What would Metallica’s biggest hit, “Enter Sandman,” sound like if it were written by one of the band’s chief influences, Iron Maiden? YouTuber Börje Unchained is attempting to answer that with a cheeky cover of the song written in the style of Maiden’s mid-Eighties records.
In the clip, which comes via Metal Hammer, he wears masks of Maiden’s members as he recasts the iconic opening riff in “Sandman” as a more ponderous, melancholy line (with stacked guitar harmonies of course) and keeps the shtick going into the verse riff, which now has ostentatious trills and even more Maidenesque harmonies. Then vocalist Robin Roy does his best impression of Bruce Dickinson’s air-raid siren wail. The only thing missing is a Vincent Price-like voice doing the “Now I lay me down to sleep” prayer, à la Maiden’s “Number of the Beast.”
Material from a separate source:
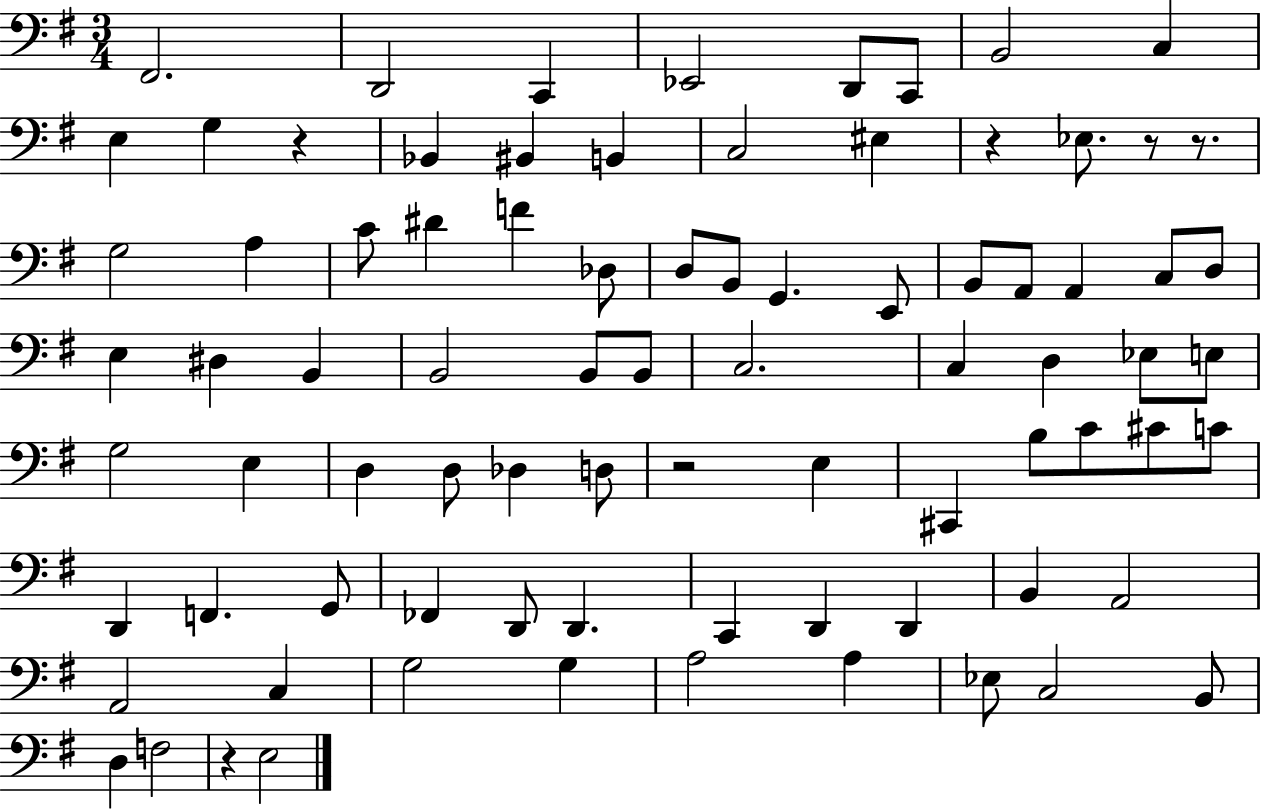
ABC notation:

Toward the end of the song, Roy attempts his best Dickinson “scream for me …” and shouts out both Maiden fans and Metallica fans, which are, of course, pretty much the same people in 2021. But that wasn’t always the case.
About a decade ago, Dickinson put his foot in his mouth by saying his band was “better than Metallica.” “They might be bigger than us, and they might sell more tickets than us, and they might get more gold-plated, middle-class bourgeoisie turning up to their shows,” he said at the time, “but they’re not Maiden.” He was joking, of course, although it wasn’t totally clear when his words came out in soundbites.
Looking back on the incident in a 2017 Rolling Stone interview, he maintained that his whole rap was simply a grand windup. “We have a great relationship with Metallica,” he said. “It wasn’t aimed at Metallica. It was aimed at the rest of the world to say, ‘We’re back and we mean it. We mean it so much that we’re going to say something pretty outrageous, so why don’t you come to the show and find out. We dare you.’ It’s throwing down the gauntlet, and I’m the lead singer. It’s my job. It’s what I do. So is it arrogant? Uh, yeah. You’re the lead singer of Iron Maiden, and you’re going to be arrogant every now and again, because it kind of goes with the territory, yeah.”
But of course, Metallica never took it seriously. After all, they’d already paid tribute to Maiden on their 1987 EP, Garage Days Re-Revisted, when they closed the record out with a janky attempt at the intro to “Run to the Hills.” Maiden returned the favor by shouting out Metallica at the end of their cover of Montrose’s “Space Station No. 5.”